As we once again celebrate the holiday season, we look back at 2009 as a year to remember, both in large and small ways.  This year marked the historic inauguration of Barack Obama as our 44th president.  As a result, our country is now acknowledging and working to slow global warming, rebuilding relationships with other countries that had been alienated by our former president for several years, attempting to wind down a war of adventure while trying to end another with some sort of victory, and slowly endeavoring to make health care for all a right and not a privilege. 

For us, this has been a relatively quiet year, though punctuated by happy events that we will long savor.  Our first big memory of the year was our cruise to Alaska.  For ten days the Sea Princess plied the waters between San Francisco and Alaska and back home, allowing us to see such sights as the Mendenhall Glacier, Ketchikan, Skagway, the White Pass and Yukon Route Railroad to the Canadian border, and Tracy Arm Fjord.  We had planned this trip for the summer of 2010, to celebrate the passage of both our 50th birthdays.  But fate had other plans and we enjoyed the trip a year early.  While in Juneau, we both put a hex on the House of Palin as our tour bus drove past the governor's mansion, and only a few days later she resigned from office.  We like to think that in some small way we had something to do with it.  You are most welcome.

The second big event of the year was the 50th birthday celebration of Rob, held at the Pasta Pelican restaurant in Alameda, site of many family gatherings.  Over 100 guests joined in the celebration, eating, drinking, toasting, and dancing.  It was truly an event to remember and one not likely to be repeated until the year 2059.

Fortunately for us, the year was a quiet one.  We love living in Alameda.  Both our jobs are secure, at least for the moment.  And we continue to enjoy relatively good health.  Aside from the occasional breathing difficulties and other reminders that we are no longer as young as we used to be, we plod on.

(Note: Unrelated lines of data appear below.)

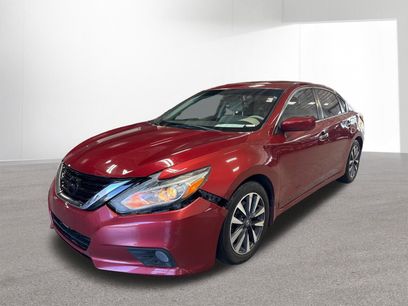 Used 2017 Nissan Altima 2.5 SV w/ Interior Lighting Package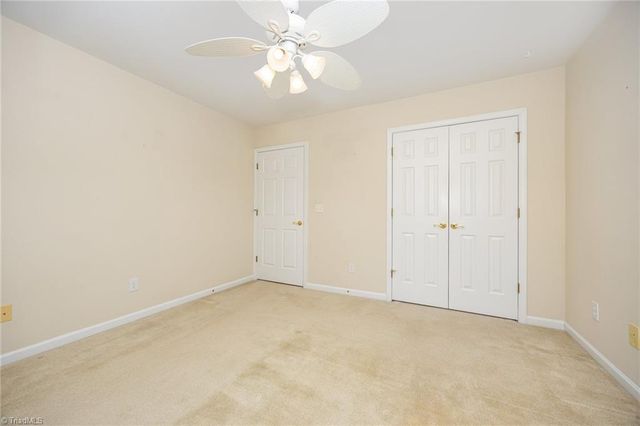 574 Caladium Court, Kernersville, NC 27284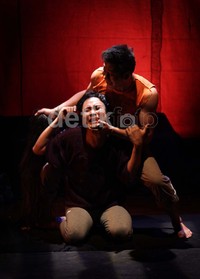 Adegan seorang waria mendapat perlakuan kasar dari preman jalanan. Pentas teater ini tampil sederhana tanpa properti berlebihan ataupun efek multimedia. Namun tetap menarik dengan gaya bahasa yang lugas dan apa adanya.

Our Christmas season this year began with a concert put on by the Oakland-East Bay Gay Men's Chorus.  We also enjoyed a presentation of A Civil War Christmas in Palo Alto.  On December 12th, our church, First Congregational Church of Alameda, presented its 130th Christmas concert, complete with Rob both singing in the choir and playing hand bells.  After the concert, the choir and bell choir held a holiday party.  Christmas Eve will find us at the Ludwig-Cabrera house for the annual family gathering.  On New Year's Eve we will celebrate in Monterey, staying two nights at the Deer Haven Inn and attending a musical "Twist and Shout" event to ring in the new year.


As we end the year, Sarah Palin "wrote" a best-selling grudge screed while her daughter's baby daddy posed for Playgirl; Susan Boyle's debut CD soared to the top of the charts; a sci-fi cartoon, the most expensive movie ever made, is poised to be the hugest movie ever; teabagging has taken on yet another new meaning; health care for all is being hijacked, as always, by special interests, apathy, and the usual hatred of the wingnut right; education continues to be a very low priority for most taxpayers; reality TV has brought us balloon boy hoaxes and White House gatecrashers; texting while driving continues to be a nationwide obsession; virtual online friendships are replacing real ones; and "You lie!" has entered the lexicon as something you can shout to a president during a speech to Congress - unless he is white, of course.

Despite our tenuous hold on societal sanity, we wish for you and yours an exceptional holiday season and a 2010 filled with all that makes life worthwhile - health, happiness, and friends and family like you.